Australian Cricket Team In England In 2009
The Australia national cricket team toured Great Britain to play a series of cricket matches during the 2009 English cricket season. The team played five Test matches – one in Wales – seven one-day internationals and two Twenty20 internationals against England. The Australians also played four other first-class matches in England against the England Lions and two county sides. In addition, Australia took part in the 2009 ICC World Twenty20, but were eliminated at the first round after defeats to the West Indies and Sri Lanka.
The series of five Test matches between England and Australia was for The Ashes and, for the first time, a Test match was held in Wales' capital, Cardiff. Australia was the holder of The Ashes trophy, having won the 2006-07 series 5–0. England won the last series to be held in England in 2005, and subsequently won the 2009 Ashes 2–1. The Twenty20 International series was drawn 0–0 as bad weather meant that neither match produced a result.

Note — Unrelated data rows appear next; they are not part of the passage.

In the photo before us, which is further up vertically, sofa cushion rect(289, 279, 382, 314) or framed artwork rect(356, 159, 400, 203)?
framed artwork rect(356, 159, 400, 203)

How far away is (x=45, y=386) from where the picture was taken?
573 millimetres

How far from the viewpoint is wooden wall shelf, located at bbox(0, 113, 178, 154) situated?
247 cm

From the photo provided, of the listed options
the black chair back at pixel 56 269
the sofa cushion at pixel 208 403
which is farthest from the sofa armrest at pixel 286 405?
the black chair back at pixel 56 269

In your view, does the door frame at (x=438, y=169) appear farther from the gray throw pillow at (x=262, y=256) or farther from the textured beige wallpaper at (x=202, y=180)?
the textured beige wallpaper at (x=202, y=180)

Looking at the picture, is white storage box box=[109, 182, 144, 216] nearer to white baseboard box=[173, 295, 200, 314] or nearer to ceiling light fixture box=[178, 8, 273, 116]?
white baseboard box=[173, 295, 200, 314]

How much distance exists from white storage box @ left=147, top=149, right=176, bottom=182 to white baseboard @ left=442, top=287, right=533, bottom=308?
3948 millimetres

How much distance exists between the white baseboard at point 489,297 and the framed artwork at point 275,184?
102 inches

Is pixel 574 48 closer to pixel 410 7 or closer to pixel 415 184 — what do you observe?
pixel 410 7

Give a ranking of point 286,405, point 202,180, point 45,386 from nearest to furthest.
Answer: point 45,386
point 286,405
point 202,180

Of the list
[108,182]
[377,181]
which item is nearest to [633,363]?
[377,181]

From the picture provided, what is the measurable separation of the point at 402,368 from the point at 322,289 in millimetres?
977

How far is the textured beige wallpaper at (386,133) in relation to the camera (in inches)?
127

Read more about Australian Cricket Team In England In 2009: Squads, Media Coverage
Famous quotes containing the words australian, cricket, team and/or england:
“The Australian mind, I can state with authority, is easily boggled.”
—Charles Osborne (b. 1927)
“All cries are thin and terse;
The field has droned the summers final mass;
A cricket like a dwindled hearse
Crawls from the dry grass.”
—Richard Wilbur (b. 1921)
“I also heard the whooping of the ice in the pond, my great bed-fellow in that part of Concord, as if it were restless in its bed and would fain turn over, were troubled with flatulency and bad dreams; or I was waked by the cracking of the ground by the frost, as if some one had driven a team against my door, and in the morning would find a crack in the earth a quarter of a mile long and a third of an inch wide.”
—Henry David Thoreau (18171862)
“In England the judges should have independence to protect the people against the crown. Here the judges should not be independent of the people, but be appointed for not more than seven years. The people would always re-elect the good judges.”